Browser AI API for Utilizing On-Device Models #178

Open
kenzic opened this issue Oct 25, 2024 · 5 comments
Open

Browser AI API for Utilizing On-Device Models #178

kenzic opened this issue Oct 25, 2024 · 5 comments

Comments

@kenzic
Copy link

kenzic commented Oct 25, 2024

Introduction

The Browser AI API is a proposal for a new browser feature that makes AI models accessible directly on users' devices through the browser. By offering a simple API available on the window object, this approach would allow websites to leverage AI without sending data to the cloud, preserving privacy, reducing latency, and enabling offline functionality.

This is about empowering developers to integrate advanced AI into web apps—without needing heavy infrastructure—while giving users control over their data and the models they choose to run.
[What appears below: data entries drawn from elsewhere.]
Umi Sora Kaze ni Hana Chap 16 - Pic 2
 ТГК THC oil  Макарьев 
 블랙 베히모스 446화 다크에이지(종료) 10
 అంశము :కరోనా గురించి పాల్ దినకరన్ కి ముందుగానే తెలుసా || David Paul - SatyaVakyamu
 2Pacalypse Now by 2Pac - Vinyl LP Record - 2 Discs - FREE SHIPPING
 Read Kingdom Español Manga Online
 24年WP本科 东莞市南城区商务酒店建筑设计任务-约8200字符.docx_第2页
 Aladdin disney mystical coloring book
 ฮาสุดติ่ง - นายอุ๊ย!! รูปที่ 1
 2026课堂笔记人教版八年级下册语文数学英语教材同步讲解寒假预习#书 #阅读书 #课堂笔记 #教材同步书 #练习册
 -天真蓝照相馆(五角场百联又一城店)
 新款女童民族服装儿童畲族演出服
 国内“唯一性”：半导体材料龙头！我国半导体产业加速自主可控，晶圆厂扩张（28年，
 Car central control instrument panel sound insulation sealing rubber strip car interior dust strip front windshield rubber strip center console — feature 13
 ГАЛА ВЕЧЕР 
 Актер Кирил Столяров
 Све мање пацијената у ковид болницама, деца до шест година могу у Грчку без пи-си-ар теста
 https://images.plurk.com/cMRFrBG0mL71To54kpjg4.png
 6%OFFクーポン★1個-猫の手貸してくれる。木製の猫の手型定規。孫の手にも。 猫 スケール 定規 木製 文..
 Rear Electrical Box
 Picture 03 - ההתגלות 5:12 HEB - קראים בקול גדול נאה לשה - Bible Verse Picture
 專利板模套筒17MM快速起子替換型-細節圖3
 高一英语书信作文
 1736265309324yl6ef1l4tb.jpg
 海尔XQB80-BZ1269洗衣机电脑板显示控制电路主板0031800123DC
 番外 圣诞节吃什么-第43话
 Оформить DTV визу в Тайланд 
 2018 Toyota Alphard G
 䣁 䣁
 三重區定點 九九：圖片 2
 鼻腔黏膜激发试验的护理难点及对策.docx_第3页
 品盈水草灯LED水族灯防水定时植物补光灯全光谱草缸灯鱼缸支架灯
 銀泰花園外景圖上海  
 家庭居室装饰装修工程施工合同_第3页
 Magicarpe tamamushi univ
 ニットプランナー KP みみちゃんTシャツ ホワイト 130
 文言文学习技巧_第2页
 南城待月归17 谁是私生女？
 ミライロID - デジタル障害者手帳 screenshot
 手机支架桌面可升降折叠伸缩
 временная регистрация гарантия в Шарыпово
Imagine a world where on-device AI enhances web apps in real-time, with no data leaving the device and no reliance on external servers.

The API would let developers:

  1. Query available AI models on a users' device.
  2. Request user permission to access specific models.
  3. Create sessions with the models.
  4. Perform common tasks like text generation, embeddings, and chat.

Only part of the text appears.